If you have the millions, Rolls-Royce will make the car. Provided they like your ideas. As Rolls-Royce builds on its glorious legacy of offering patrons motor cars hand-built to their precise individual requirements, they have rolled out the most expensive new car ever; estimated at US $25 million each – the boat-inspired Boat Tail. Of which only three have been created. These three nautical-inspired vehicles are part of Rolls-Royce’s inaugural Coachbuild project at Goodwood, Sussex. The three Boat Tails share a common body shape but are highly personalised.
Explains Torsten Müller-Ötvös, Chief Executive Officer, Rolls-Royce Motor Cars, “This is one of our most ambitious projects yet. It is where we ignore all preconceived notions of possibility. Every Rolls Royce client is extraordinary but within this group exists a class of clients so significant that they demand an object that is truly transformative. They seek to commission a work of art that makes a permanent statement. And we have created Rolls Royce Coachbuild to fulfil these desires.”
The Boat Tail has a unique form: a tapering rear that converges on a centre line. Says Alex Innes, Head of Coachbuild Design, “There has never been a contemporary interpretation of this particular body style, and that’s what we set out to achieve. These clients were prepared to pledge so much of their time and so much of themselves in developing this shared ambition and vision.

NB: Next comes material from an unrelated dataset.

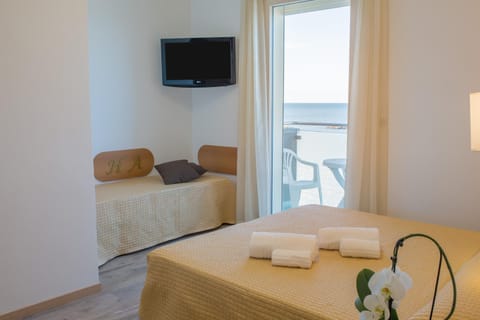 TV and multimedia, Photo of the whole room, Bedroom, Sea view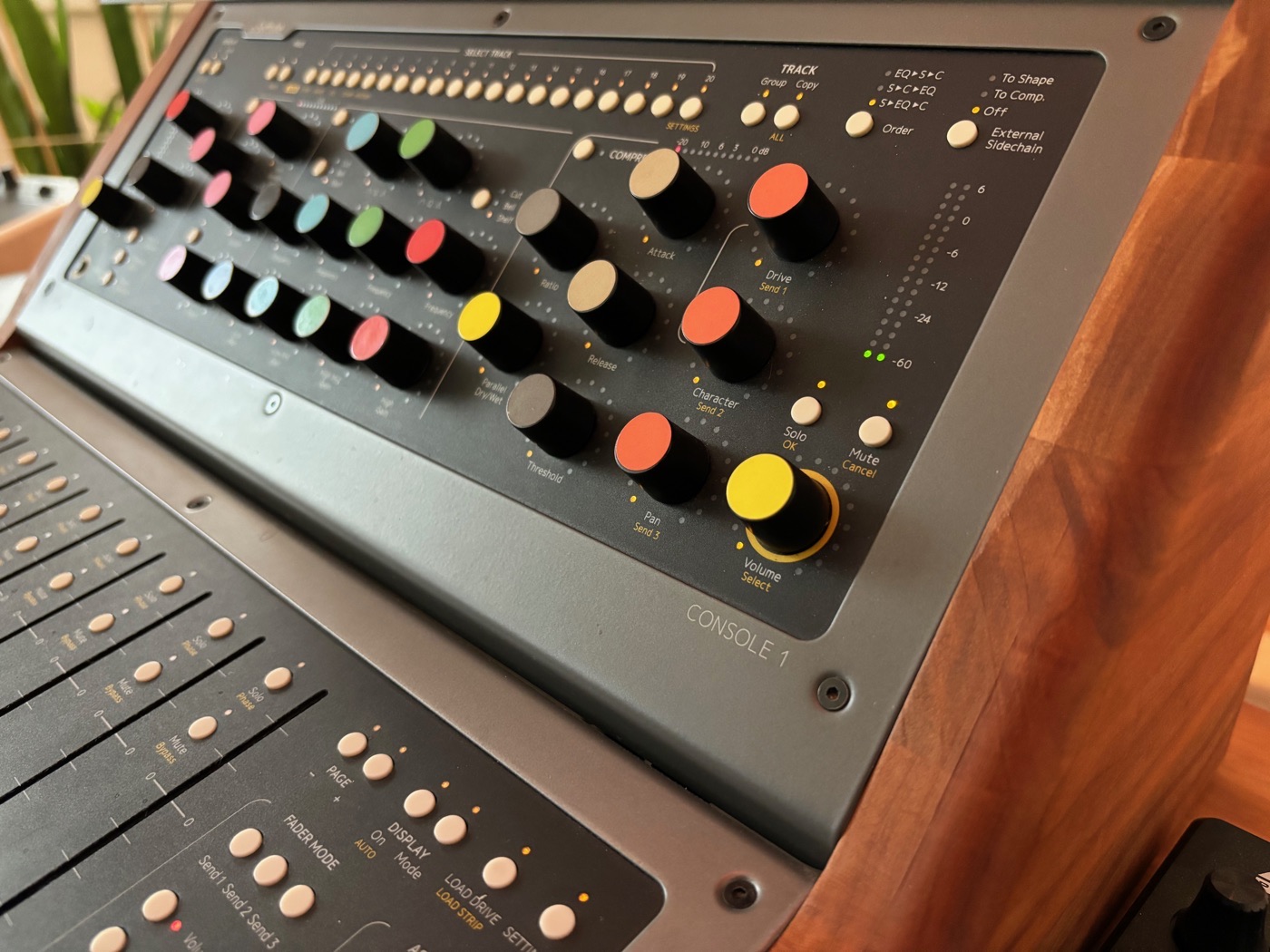 Console 1 im Walnussgehäuse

The styling and the tapered rear is designed to mirror a motor launch rising out of the water.”
While the chassis, engine and underpinnings are based on the Phantom, the details are all-new and created from scratch – from the largest ever hand-made panels for a Rolls-Royce to the most intricate mechanism and clock. The new grand cruiser is inspired by the elegant J-Class yachts of the early 20th Century and the original ‘Boat Tail’ Rolls-Royces of the 1920s and ’30s. Under the bonnet is a 6.7-litre V12 twin turbo-charged petrol engine with 570 horsepower linked to eight-speed automatic gears.
RR patrons have always been able to personalise their motor car’s appearance in a myriad ways – beginning with a choice of 44,000 paint colours. But their options for altering its overall outline have historically been limited by the underlying structure. For this reason, fully Coachbuilt Rolls-Royce motor cars have been rare in the modern era until the 2017 Sweptail and now the three Boat Tails. RR clients seeking to ‘reach beyond bespoke and determine the motor car’s physical form can do so now’.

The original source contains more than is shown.